Said Nursi’nin “Perakende hakikatlerden bir aşure” tabiri hoşuma gittiği gibi düşündürdü de. İlk eserler özlü, kısa ifadeler ve çeşitlilik içeriyor. Zihni zenginliği yanında kelime ve üslup farklılığı okuyanı tiryaki ediyor bir müddet sonra.
İşarat, Rumuz, Tuluat, Sünuhat eser adı olduğu gibi hangi kıvamda yazdığının da göstergesi. Tanpınar’dan ödünç ifade ile “Yaşadığım Gibi” yazmış Nursi; tesir de oradan geliyor zaten.
Sonraki eser külliyatına çekirdek olmuş bu “perakende aşureler.” Nur Risaleleri okunduktan sonra başa dönmek veya köke inmek; meyveli ağacı bütünlükle görme zevki ve şuuru veriyor okuyanda.

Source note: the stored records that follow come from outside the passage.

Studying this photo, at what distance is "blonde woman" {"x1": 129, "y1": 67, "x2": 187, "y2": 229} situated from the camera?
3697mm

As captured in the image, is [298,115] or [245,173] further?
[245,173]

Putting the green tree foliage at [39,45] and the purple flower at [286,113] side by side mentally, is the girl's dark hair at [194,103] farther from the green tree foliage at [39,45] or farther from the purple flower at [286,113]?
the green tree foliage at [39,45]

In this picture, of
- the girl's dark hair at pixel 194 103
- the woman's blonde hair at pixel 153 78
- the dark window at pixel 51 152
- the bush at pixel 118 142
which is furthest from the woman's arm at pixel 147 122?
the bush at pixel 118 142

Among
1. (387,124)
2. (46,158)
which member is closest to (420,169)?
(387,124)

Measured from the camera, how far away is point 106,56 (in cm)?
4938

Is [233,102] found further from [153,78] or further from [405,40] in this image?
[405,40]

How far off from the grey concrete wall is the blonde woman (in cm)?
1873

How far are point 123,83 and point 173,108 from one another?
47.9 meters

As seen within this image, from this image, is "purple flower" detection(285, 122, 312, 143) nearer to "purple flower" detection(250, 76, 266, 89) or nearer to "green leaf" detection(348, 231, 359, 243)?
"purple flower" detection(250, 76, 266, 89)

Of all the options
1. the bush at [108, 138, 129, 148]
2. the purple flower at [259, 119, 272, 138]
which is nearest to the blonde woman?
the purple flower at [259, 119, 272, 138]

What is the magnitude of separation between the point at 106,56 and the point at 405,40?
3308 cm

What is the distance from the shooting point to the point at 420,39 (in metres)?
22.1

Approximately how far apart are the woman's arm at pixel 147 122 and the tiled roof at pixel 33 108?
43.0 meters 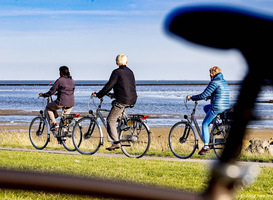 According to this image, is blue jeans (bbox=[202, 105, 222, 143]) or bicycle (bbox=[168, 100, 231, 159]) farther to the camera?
bicycle (bbox=[168, 100, 231, 159])

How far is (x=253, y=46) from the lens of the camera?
20.2 inches

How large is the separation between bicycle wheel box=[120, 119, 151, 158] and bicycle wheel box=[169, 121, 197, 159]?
2.36ft

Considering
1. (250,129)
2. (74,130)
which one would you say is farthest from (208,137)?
(250,129)

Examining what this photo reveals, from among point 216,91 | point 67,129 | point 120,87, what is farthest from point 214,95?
point 67,129

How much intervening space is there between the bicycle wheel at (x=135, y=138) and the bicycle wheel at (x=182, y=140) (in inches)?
28.3

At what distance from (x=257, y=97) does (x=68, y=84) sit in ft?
35.7

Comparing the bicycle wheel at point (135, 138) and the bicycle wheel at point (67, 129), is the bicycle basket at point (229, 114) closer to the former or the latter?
the bicycle wheel at point (135, 138)

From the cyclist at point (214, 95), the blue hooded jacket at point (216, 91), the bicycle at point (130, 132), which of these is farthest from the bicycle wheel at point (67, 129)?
the blue hooded jacket at point (216, 91)

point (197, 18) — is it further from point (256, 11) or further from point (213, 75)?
point (213, 75)

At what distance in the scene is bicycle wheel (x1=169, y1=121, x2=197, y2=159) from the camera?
408 inches

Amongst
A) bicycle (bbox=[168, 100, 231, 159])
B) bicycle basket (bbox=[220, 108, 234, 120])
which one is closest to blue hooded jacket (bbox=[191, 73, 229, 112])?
bicycle (bbox=[168, 100, 231, 159])

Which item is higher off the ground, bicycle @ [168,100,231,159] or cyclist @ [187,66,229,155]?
cyclist @ [187,66,229,155]

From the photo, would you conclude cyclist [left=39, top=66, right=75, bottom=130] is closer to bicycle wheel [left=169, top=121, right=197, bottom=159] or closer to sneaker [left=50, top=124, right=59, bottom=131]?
sneaker [left=50, top=124, right=59, bottom=131]

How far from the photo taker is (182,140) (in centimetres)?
1051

Ağaç; başlangıç, gelişme ve sonuç metaforu. Çekirdek, gövde ve meyve. Fikrin menşei, gelişmesi ve neticesi. Bu bütünlüğü sağlamışsa mütefekkir kaç mevsim geçse de onun fikri sağlamlığına zarar veremez. Gelgeç gündemlere dirençlidir; çekirdeği hakikat olan ağaç adamların fikirleri.
Çınar ağacı üzerinde kulübecik yapmak, mescit inşa etmek ve önünde çeşmenin akışı; Barla ve Bediüzzaman; onun hakikat yürüyüşün fotoğrafı değil mi?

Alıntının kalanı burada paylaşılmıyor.